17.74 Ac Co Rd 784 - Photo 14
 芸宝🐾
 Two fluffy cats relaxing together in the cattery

...

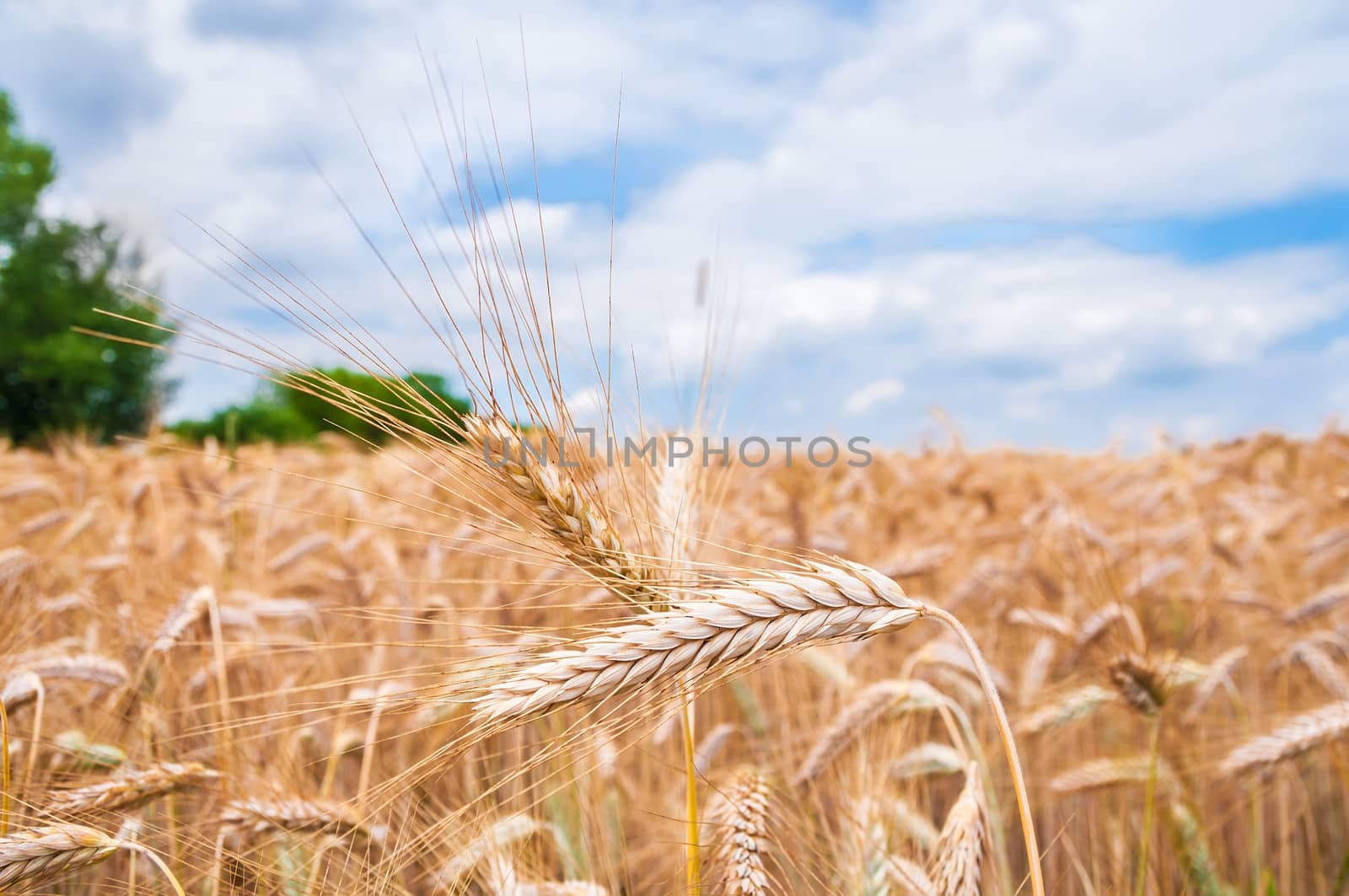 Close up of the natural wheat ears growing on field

- Task prompt
In the entries above, please find the line with "17.74 Ac Co Rd 784 - Photo 14" and the line with "Two fluffy cats", then write out exactly those two lines and every line between them, and nothing more.

- Result of the task
17.74 Ac Co Rd 784 - Photo 14
 芸宝🐾
 Two fluffy cats relaxing together in the cattery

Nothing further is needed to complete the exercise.